Assigned task:
Type out the data exactly as given. Skip any image.

Records contained in a dataset:
· · ·
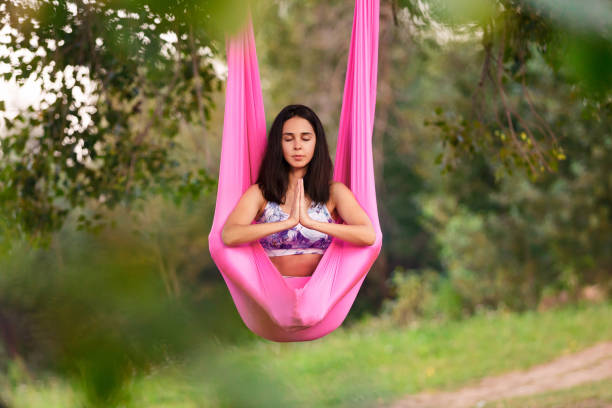 Aerial antigravity yoga. Young healthy women doing lotus pose on silk hammock at nature stock photo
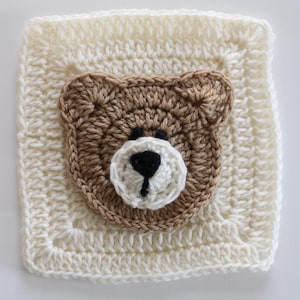 Può includere: Un quadrato all'uncinetto color crema con un motivo a testa di orso. La testa dell'orso è marrone con un muso bianco e un naso nero. Il quadrato ha un aspetto strutturato e fatto a mano, adatto per una coperta per bambini o decorazioni per la cameretta.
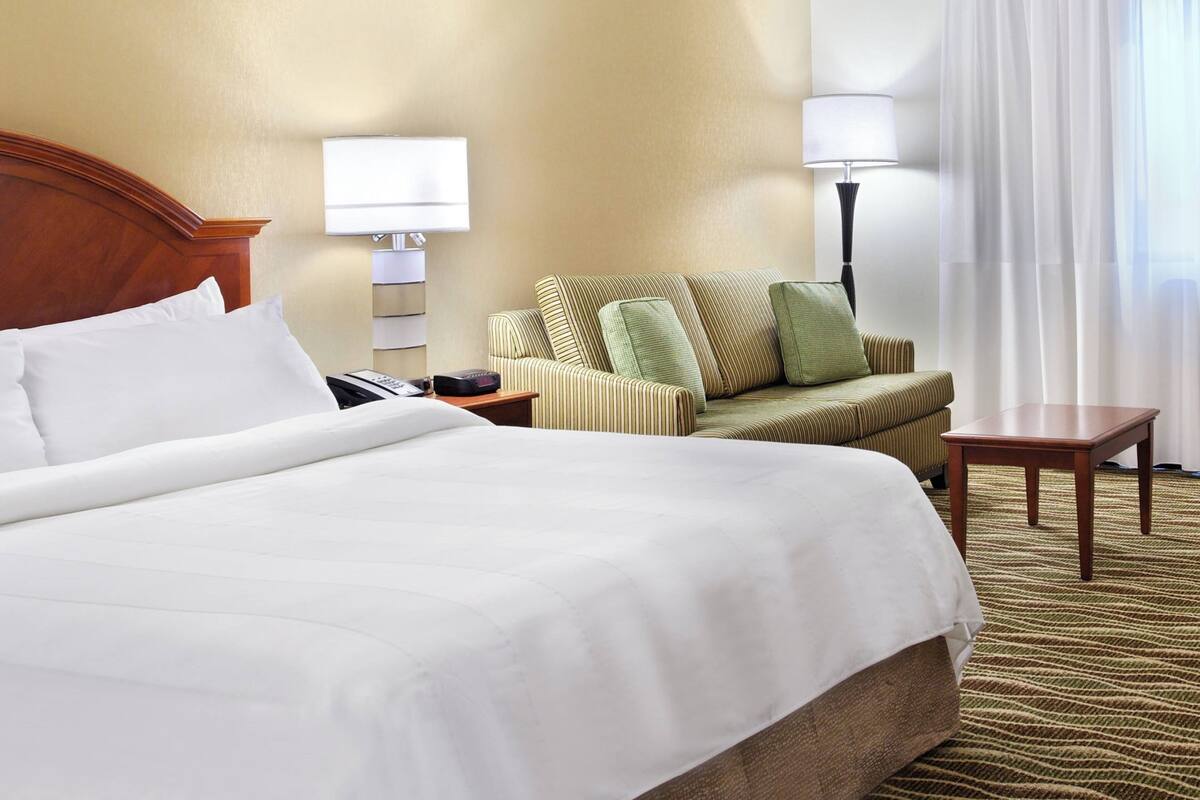 Ein Hotelzimmer mit einem großen Bett, einem gestreiften Sessel, einem kleinen Tisch, einer Lampe und einem Nachttisch mit Telefon und Fernbedienung.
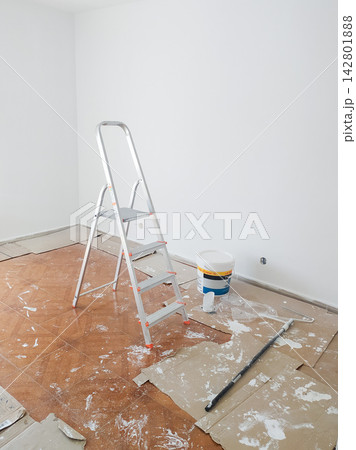 A metal stepladder and paint bucket stand in an empty room during a home renovation. White splatters on parquet floor symbolize DIY improvement, creativity, and a fresh start. A metal stepladder and paint bucket stand in an empty room during a home renovation. White splatters on parquet floor symbolize DIY improvement, creativity, and a fresh start. 142801888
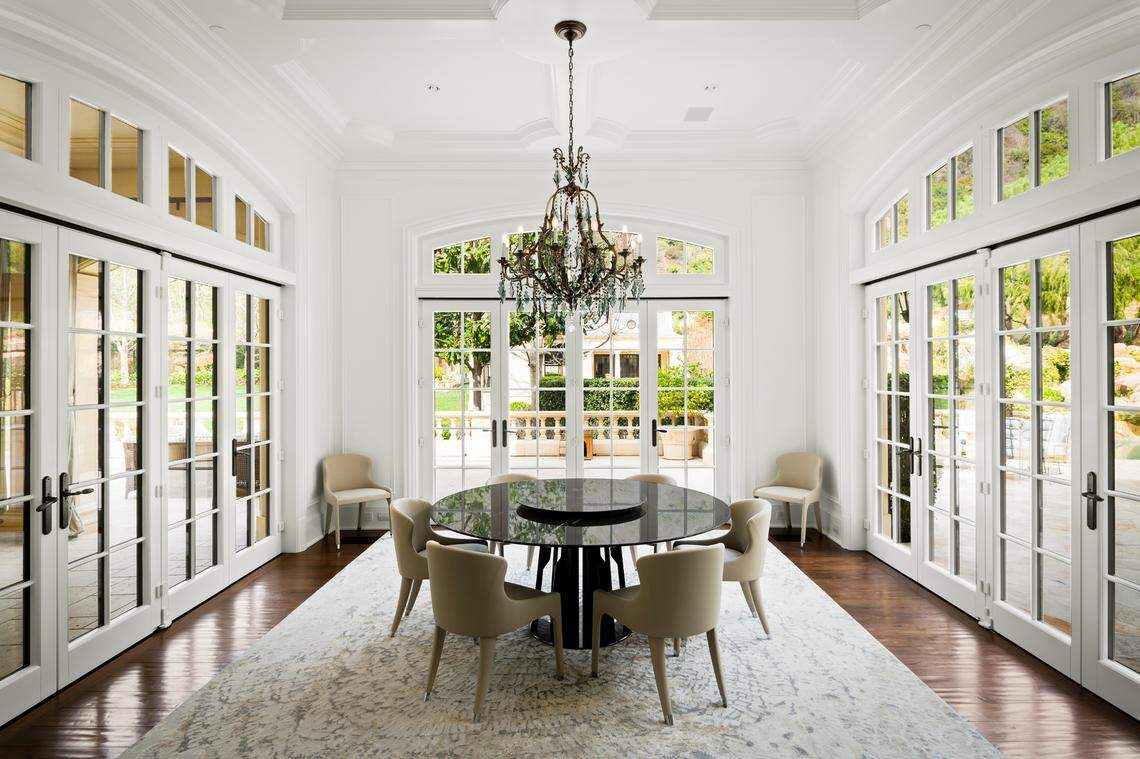 The prestigious gated European-style compound spans nearly 30,000 square feet with 12 bedrooms and 20 bathrooms.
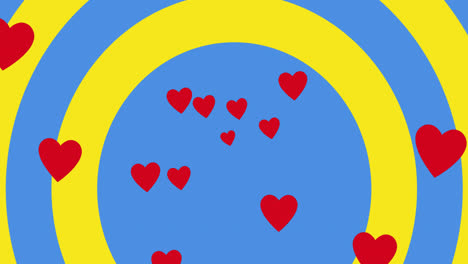 animation of hearts floating over circles in colours of ukrainian flag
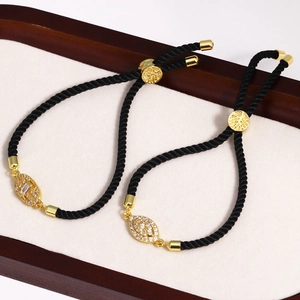 Detail of adjustable black cord bracelets with gold metal accents and zircon stones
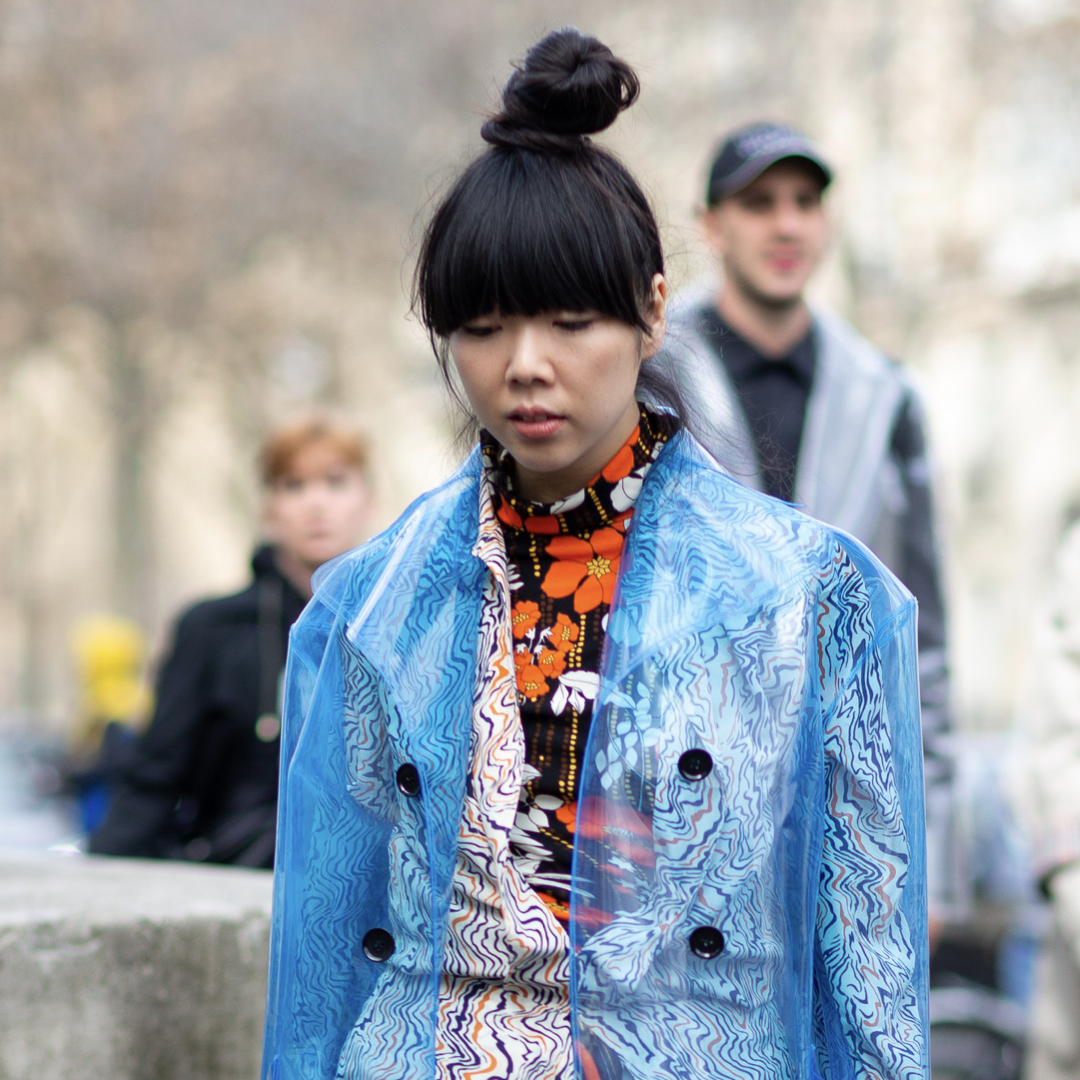 Woman wearing a raincoat, one of the items you need in April for a perfect spring outdoor wardrobe.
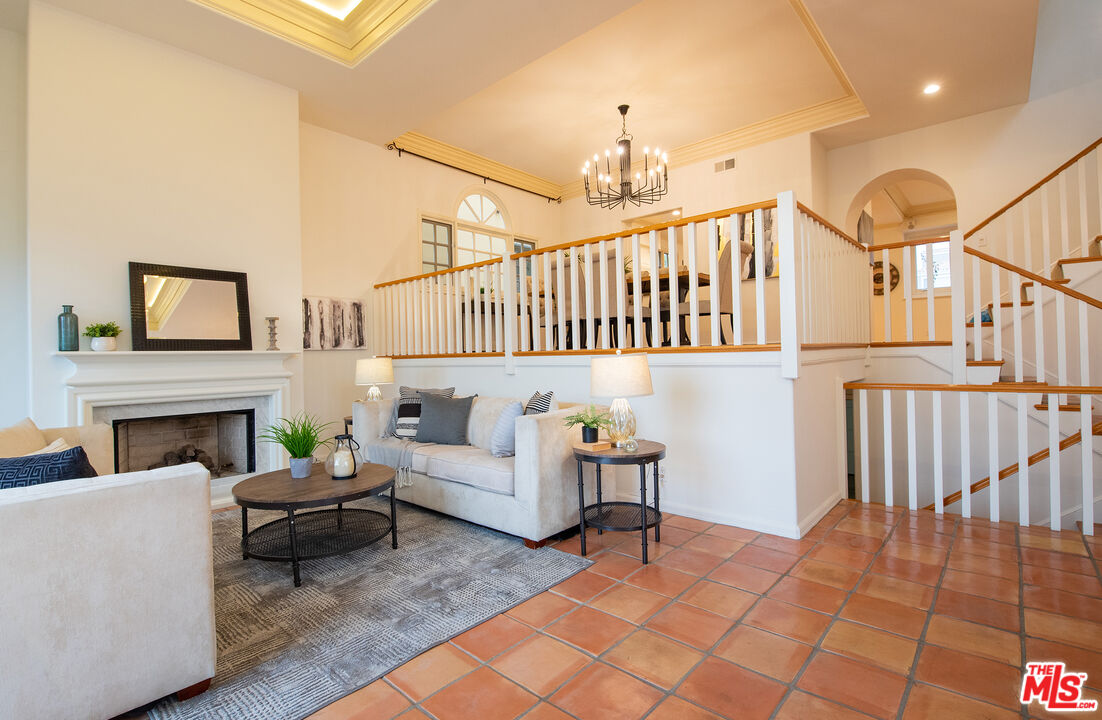 115 Roma Court Marina del Rey, CA 90292 - Photo 12 of 50 a view of a livingroom with furniture & staircase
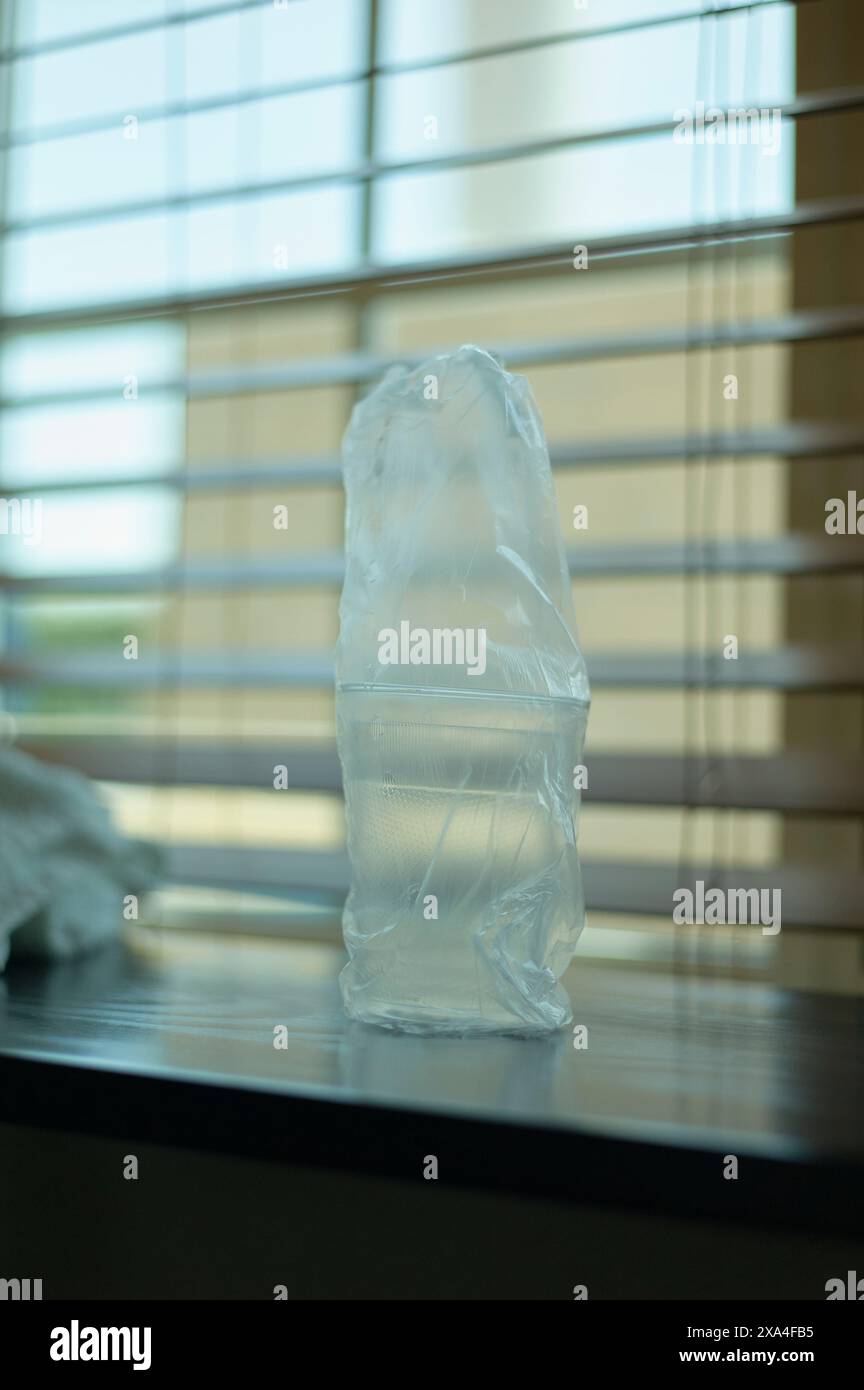 Una bottiglia di plastica traslucida e schiacciata si trova su una superficie scura sullo sfondo di una finestra con tendine orizzontali, consentendo il filtraggio della luce solare diffusa. Foto Stock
· · ·
The answer:
 Aerial antigravity yoga. Young healthy women doing lotus pose on silk hammock at nature stock photo
 Può includere: Un quadrato all'uncinetto color crema con un motivo a testa di orso. La testa dell'orso è marrone con un muso bianco e un naso nero. Il quadrato ha un aspetto strutturato e fatto a mano, adatto per una coperta per bambini o decorazioni per la cameretta.
 Ein Hotelzimmer mit einem großen Bett, einem gestreiften Sessel, einem kleinen Tisch, einer Lampe und einem Nachttisch mit Telefon und Fernbedienung.
 A metal stepladder and paint bucket stand in an empty room during a home renovation. White splatters on parquet floor symbolize DIY improvement, creativity, and a fresh start. A metal stepladder and paint bucket stand in an empty room during a home renovation. White splatters on parquet floor symbolize DIY improvement, creativity, and a fresh start. 142801888
 The prestigious gated European-style compound spans nearly 30,000 square feet with 12 bedrooms and 20 bathrooms.
 animation of hearts floating over circles in colours of ukrainian flag
 Detail of adjustable black cord bracelets with gold metal accents and zircon stones
 Woman wearing a raincoat, one of the items you need in April for a perfect spring outdoor wardrobe.
 115 Roma Court Marina del Rey, CA 90292 - Photo 12 of 50 a view of a livingroom with furniture & staircase
 Una bottiglia di plastica traslucida e schiacciata si trova su una superficie scura sullo sfondo di una finestra con tendine orizzontali, consentendo il filtraggio della luce solare diffusa. Foto Stock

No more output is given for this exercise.